Extracted records
*-*-*
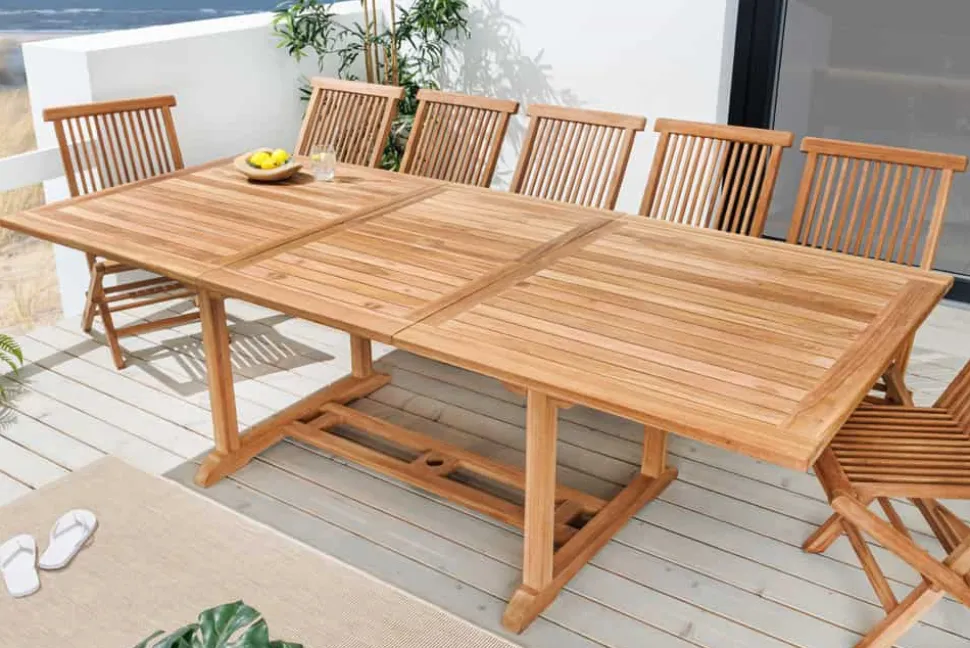 Ausziehbarer Gartentisch EMPIRE TEAK 170-230cm natur Teakholz massiv wetterfest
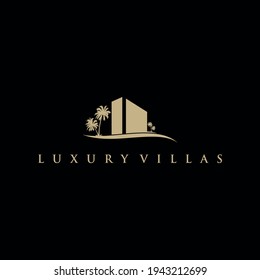 luxury villas hotel logo design vector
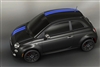 Black Fiat 500 w/ Blue 5" TWIN OFFSET Rally stripes set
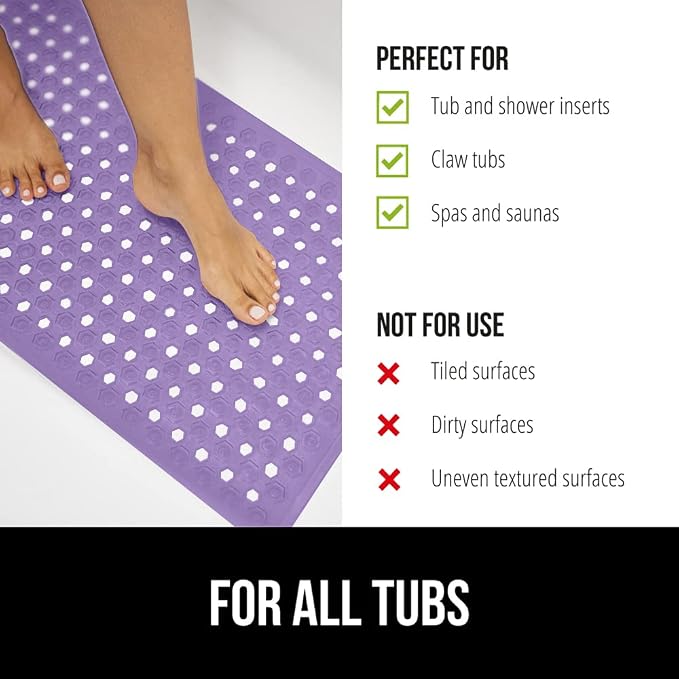 GORILLA GRIP Patented Bath Tub Shower Mat, Machine Washable Bathtub Floor Liner - Image 6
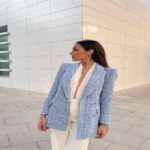 Double Breasted Tweed Blue Blazer Coat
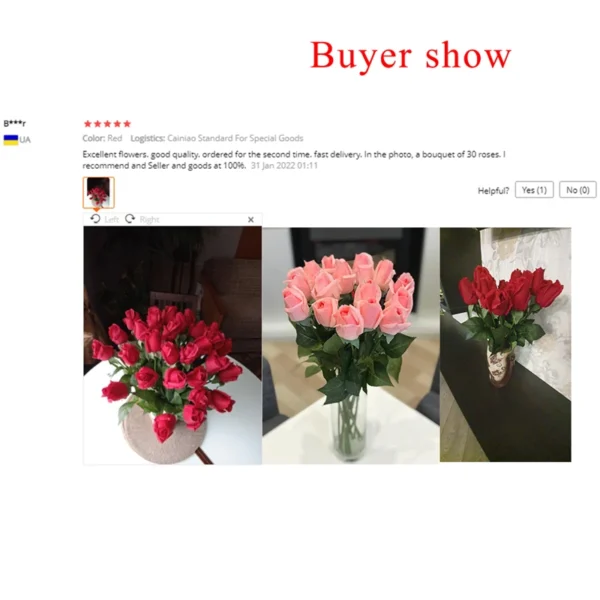 15pcs Real Touch Artificial Roses for Home & Weddings - Image 6
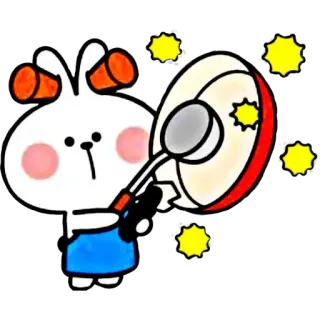 😟 rabbit, animal, drum, cartoon, cute, musical instrument telegram sticker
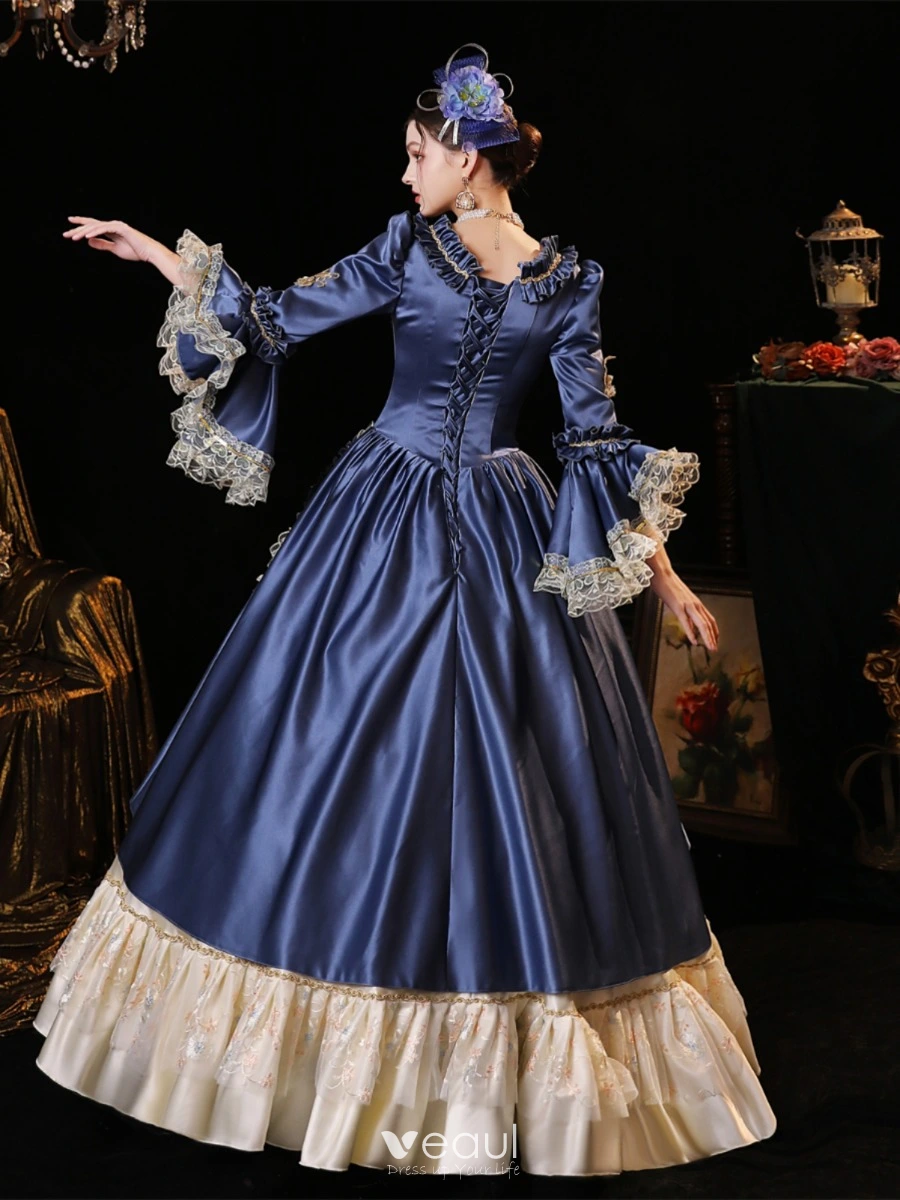 Vintage / Retro Medieval Royal Blue Prom Dresses 2023 Crossed Straps 3D  Lace Puffy Floor-Length / Long Polyester Strapless 3/4 Sleeve Ball Gown  Prom Formal Dresses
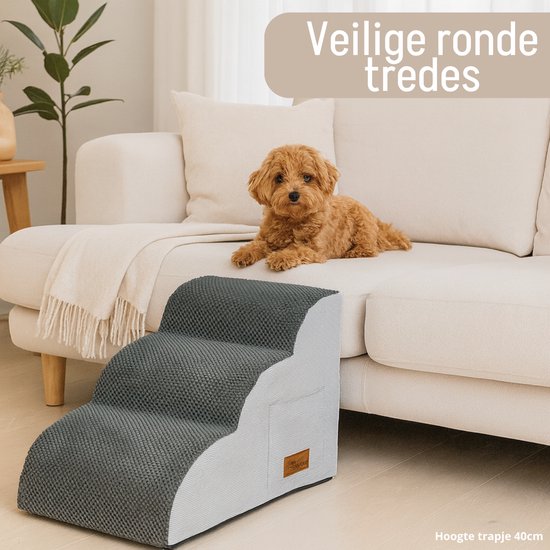 By Cee Cee Hundeschritte für Hunde - Hundeschritte Stabil - Hundeschritt - 3 Stufen - 40x57x40cm - Grau - Odi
*-*-*
Restate the entries verbatim, without pictures.

_Solution for this problem_.
 Ausziehbarer Gartentisch EMPIRE TEAK 170-230cm natur Teakholz massiv wetterfest
 luxury villas hotel logo design vector
 Black Fiat 500 w/ Blue 5" TWIN OFFSET Rally stripes set
 GORILLA GRIP Patented Bath Tub Shower Mat, Machine Washable Bathtub Floor Liner - Image 6
 Double Breasted Tweed Blue Blazer Coat
 15pcs Real Touch Artificial Roses for Home & Weddings - Image 6
 😟 rabbit, animal, drum, cartoon, cute, musical instrument telegram sticker
 Vintage / Retro Medieval Royal Blue Prom Dresses 2023 Crossed Straps 3D  Lace Puffy Floor-Length / Long Polyester Strapless 3/4 Sleeve Ball Gown  Prom Formal Dresses
 By Cee Cee Hundeschritte für Hunde - Hundeschritte Stabil - Hundeschritt - 3 Stufen - 40x57x40cm - Grau - Odi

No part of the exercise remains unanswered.